Taxation: US Equities vs Domestic Indian Mutual Funds
For Indian resident investors, international diversification is essential, but it comes with a complex web of tax implications under the Liberalised Remittance Scheme (LRS) and FEMA.
The Tax Reality
- Direct US Stocks (LRS route): Subject to a 20% TCS (Tax Collected at Source) on remittances above ₹7 Lakhs per year. Capital gains are taxed differently than domestic stocks. Dividends face a flat 25% withholding tax in the US.
- Domestic Mutual Funds (Investing overseas): Easier to manage, but recent regulatory changes reclassified debt-heavy or certain international funds entirely out of the beneficial equity capital gains structure, shifting them to slab rates.
Capital Gains Breakdown
When evaluating historical backtests, you must account for post-tax returns. A 15% CAGR on US stocks might net out lower than a 14% CAGR on Indian equities depending on your slab.

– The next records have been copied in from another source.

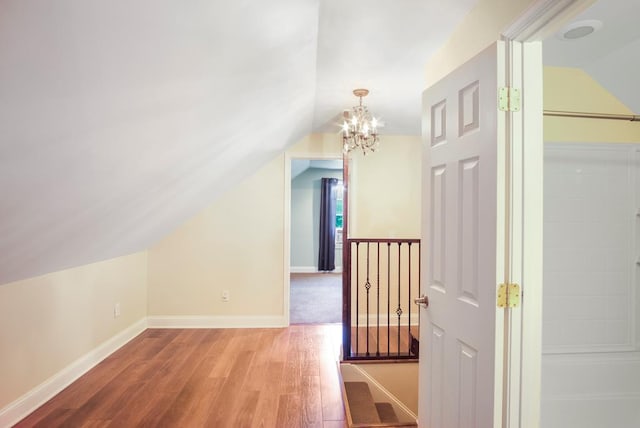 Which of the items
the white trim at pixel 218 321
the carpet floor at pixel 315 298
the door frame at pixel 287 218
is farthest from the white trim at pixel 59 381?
the carpet floor at pixel 315 298

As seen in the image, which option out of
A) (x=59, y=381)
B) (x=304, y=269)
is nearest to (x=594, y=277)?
(x=59, y=381)

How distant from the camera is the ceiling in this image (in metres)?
1.46

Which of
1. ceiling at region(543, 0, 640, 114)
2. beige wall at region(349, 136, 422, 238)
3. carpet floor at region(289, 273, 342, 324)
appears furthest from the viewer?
carpet floor at region(289, 273, 342, 324)

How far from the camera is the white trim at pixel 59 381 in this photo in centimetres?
217

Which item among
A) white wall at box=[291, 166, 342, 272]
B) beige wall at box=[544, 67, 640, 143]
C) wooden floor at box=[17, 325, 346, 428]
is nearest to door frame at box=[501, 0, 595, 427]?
beige wall at box=[544, 67, 640, 143]

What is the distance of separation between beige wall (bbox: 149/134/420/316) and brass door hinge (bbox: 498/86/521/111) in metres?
2.98

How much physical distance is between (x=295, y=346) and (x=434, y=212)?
2389 mm

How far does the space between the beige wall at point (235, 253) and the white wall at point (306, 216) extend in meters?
3.71

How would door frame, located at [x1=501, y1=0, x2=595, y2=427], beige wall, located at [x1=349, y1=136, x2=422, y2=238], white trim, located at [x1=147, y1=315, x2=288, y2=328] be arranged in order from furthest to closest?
beige wall, located at [x1=349, y1=136, x2=422, y2=238]
white trim, located at [x1=147, y1=315, x2=288, y2=328]
door frame, located at [x1=501, y1=0, x2=595, y2=427]

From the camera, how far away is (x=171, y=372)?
2893 millimetres

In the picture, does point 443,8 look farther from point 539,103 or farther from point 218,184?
point 218,184

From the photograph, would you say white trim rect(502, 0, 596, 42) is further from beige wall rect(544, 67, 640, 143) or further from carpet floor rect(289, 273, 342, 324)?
carpet floor rect(289, 273, 342, 324)

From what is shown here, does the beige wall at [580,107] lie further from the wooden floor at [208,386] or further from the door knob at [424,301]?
the wooden floor at [208,386]

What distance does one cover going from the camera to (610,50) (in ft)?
5.79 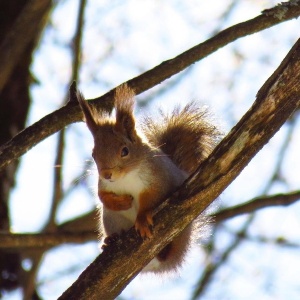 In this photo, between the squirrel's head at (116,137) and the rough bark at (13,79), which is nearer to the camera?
the squirrel's head at (116,137)

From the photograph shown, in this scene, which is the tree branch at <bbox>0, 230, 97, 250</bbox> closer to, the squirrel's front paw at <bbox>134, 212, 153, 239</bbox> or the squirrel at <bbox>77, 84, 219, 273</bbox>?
the squirrel at <bbox>77, 84, 219, 273</bbox>

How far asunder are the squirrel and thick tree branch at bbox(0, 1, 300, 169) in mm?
55

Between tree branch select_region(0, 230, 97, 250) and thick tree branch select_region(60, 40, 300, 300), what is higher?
tree branch select_region(0, 230, 97, 250)

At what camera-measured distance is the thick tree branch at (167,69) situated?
2768 mm

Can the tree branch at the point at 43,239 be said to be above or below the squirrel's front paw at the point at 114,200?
above

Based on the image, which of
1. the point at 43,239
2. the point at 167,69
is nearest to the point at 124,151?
the point at 167,69

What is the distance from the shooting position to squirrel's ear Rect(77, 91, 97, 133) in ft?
9.26

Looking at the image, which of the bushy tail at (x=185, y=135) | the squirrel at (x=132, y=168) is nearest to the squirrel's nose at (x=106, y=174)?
the squirrel at (x=132, y=168)

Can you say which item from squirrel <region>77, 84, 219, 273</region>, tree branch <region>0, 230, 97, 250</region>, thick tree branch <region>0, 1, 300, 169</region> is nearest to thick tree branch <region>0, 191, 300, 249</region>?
tree branch <region>0, 230, 97, 250</region>

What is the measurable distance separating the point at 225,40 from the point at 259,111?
659 mm

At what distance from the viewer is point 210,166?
2393 millimetres

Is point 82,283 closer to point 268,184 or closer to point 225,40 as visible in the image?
point 225,40

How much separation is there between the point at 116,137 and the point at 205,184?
22.6 inches

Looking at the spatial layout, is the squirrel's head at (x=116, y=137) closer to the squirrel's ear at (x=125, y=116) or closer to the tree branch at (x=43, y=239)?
the squirrel's ear at (x=125, y=116) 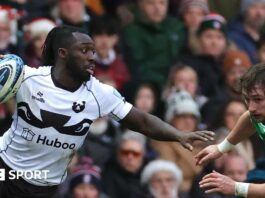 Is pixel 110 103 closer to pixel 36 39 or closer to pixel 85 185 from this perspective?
pixel 85 185

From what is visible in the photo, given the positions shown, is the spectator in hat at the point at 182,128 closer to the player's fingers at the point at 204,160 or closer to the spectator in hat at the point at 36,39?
the spectator in hat at the point at 36,39

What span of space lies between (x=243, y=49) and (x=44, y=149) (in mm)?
5484

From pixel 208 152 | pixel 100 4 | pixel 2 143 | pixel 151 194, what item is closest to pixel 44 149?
pixel 2 143

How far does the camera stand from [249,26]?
1452 centimetres

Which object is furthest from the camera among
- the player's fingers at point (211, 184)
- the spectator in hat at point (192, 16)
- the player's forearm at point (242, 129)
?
the spectator in hat at point (192, 16)

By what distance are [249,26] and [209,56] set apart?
1032 millimetres

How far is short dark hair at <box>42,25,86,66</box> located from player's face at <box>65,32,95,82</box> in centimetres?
5

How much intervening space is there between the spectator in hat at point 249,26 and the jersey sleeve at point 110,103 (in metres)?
5.15

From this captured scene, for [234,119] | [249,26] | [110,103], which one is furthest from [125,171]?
[249,26]

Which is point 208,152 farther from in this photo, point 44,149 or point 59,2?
point 59,2

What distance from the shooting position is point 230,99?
12969 millimetres

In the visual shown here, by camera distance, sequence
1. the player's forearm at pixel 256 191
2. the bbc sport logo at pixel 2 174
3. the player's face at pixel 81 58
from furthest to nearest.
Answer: the bbc sport logo at pixel 2 174, the player's face at pixel 81 58, the player's forearm at pixel 256 191

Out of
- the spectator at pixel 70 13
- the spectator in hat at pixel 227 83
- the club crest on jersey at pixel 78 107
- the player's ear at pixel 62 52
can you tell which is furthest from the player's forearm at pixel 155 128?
the spectator at pixel 70 13

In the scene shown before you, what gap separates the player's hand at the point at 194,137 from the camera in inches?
359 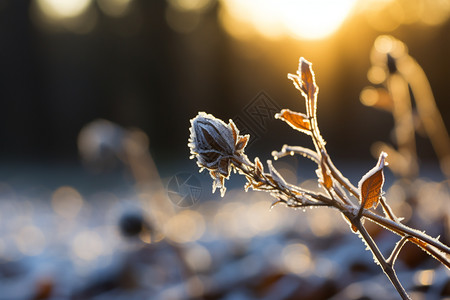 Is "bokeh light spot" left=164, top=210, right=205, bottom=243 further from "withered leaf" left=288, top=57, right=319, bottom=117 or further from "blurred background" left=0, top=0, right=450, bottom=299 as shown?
"withered leaf" left=288, top=57, right=319, bottom=117

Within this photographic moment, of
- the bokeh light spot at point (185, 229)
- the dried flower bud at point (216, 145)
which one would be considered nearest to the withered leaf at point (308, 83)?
the dried flower bud at point (216, 145)

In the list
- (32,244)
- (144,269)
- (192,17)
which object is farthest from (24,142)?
(144,269)

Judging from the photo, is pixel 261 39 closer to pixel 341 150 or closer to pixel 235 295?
pixel 341 150

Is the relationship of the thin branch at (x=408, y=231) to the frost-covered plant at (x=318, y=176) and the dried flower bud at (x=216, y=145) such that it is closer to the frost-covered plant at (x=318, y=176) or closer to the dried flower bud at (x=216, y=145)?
the frost-covered plant at (x=318, y=176)

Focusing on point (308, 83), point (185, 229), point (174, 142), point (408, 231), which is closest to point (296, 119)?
point (308, 83)

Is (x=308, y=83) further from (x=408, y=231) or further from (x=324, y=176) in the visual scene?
(x=408, y=231)

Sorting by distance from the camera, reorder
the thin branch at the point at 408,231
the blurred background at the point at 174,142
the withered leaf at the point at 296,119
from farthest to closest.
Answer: the blurred background at the point at 174,142
the withered leaf at the point at 296,119
the thin branch at the point at 408,231

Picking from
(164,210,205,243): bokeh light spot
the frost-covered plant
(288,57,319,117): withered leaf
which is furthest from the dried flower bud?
(164,210,205,243): bokeh light spot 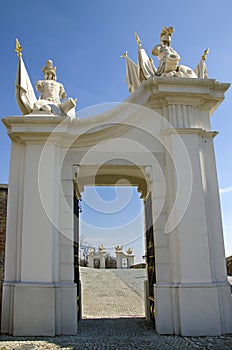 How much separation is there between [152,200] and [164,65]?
279 centimetres

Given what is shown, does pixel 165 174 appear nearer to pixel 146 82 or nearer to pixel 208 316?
pixel 146 82

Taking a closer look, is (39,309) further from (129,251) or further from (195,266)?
(129,251)

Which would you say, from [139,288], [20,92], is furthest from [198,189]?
[139,288]

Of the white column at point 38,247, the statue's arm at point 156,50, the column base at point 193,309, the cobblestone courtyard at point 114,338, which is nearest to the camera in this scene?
the cobblestone courtyard at point 114,338

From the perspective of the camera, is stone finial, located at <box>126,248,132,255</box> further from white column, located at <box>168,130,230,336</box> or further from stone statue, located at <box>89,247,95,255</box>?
white column, located at <box>168,130,230,336</box>

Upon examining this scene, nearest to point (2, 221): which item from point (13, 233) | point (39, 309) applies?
point (13, 233)

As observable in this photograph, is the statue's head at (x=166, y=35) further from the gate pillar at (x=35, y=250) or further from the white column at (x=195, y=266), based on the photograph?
the gate pillar at (x=35, y=250)

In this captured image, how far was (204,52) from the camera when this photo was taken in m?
7.28

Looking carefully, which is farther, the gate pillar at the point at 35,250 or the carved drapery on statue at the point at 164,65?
the carved drapery on statue at the point at 164,65

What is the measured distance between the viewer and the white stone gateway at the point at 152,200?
5.71 meters

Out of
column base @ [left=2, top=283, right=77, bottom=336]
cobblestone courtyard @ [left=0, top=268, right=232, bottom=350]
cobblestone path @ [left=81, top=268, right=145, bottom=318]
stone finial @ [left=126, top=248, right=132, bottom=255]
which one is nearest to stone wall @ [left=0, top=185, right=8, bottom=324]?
column base @ [left=2, top=283, right=77, bottom=336]

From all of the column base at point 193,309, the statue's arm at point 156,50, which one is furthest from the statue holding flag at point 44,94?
the column base at point 193,309

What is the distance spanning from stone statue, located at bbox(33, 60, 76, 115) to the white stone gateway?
0.20 m

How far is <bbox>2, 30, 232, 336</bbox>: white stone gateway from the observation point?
5711mm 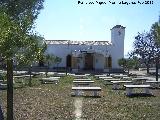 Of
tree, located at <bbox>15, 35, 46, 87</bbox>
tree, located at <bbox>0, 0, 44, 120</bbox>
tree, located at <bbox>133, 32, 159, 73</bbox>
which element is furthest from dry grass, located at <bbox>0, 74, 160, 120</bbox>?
tree, located at <bbox>133, 32, 159, 73</bbox>

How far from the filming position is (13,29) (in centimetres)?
801

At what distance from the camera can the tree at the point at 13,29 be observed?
7.49 metres

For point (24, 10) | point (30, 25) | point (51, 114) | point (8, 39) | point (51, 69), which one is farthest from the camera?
point (51, 69)

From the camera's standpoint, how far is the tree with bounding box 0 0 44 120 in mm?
7485

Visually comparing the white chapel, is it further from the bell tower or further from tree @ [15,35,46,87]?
tree @ [15,35,46,87]

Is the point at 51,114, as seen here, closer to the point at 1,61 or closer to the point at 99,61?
the point at 1,61

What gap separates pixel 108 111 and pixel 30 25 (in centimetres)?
568

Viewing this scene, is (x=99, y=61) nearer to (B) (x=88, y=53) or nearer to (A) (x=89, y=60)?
(A) (x=89, y=60)

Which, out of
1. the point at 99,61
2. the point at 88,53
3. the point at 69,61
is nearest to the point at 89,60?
the point at 88,53

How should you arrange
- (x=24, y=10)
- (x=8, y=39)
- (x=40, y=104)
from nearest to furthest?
(x=8, y=39), (x=24, y=10), (x=40, y=104)

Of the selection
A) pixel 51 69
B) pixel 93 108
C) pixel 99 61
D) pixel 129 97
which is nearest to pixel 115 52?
pixel 99 61

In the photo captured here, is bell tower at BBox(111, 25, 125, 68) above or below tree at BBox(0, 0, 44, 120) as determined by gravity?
above

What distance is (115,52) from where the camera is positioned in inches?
2470

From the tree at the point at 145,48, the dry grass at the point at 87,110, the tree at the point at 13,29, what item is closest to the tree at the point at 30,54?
the tree at the point at 13,29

| Asset Type | Holding Period (LTCG) | LTCG Tax Rate |
|---|---|---|
| Domestic Equity MFs | > 12 Months | 10% (over ₹1L) |
| Direct Foreign Equity (US Stocks) | > 24 Months | 20% (with indexation) |
| International FoFs (Debt/Global) | N/A | Slab Rate (Since Apr '23) |
Actionable Strategy for Indian Investors
"Do not let the tax tail wag the investment dog."
While taxes are higher for international assets, the absolute diversification benefits and protection against Rupee depreciation usually outweigh the tax drag. However, active trading of US stocks from India is highly inefficient due to short-term capital gains at slab rates.
The optimal method: Model a core-and-satellite strategy. Use direct domestic MFs for your high-growth core, and allocate 20-30% via Indian domicile FoFs (Fund of Funds) tracking the NASDAQ or S&P 500 for a simpler compliance structure, holding them for the very long term to weather the slab rate penalty through compounding.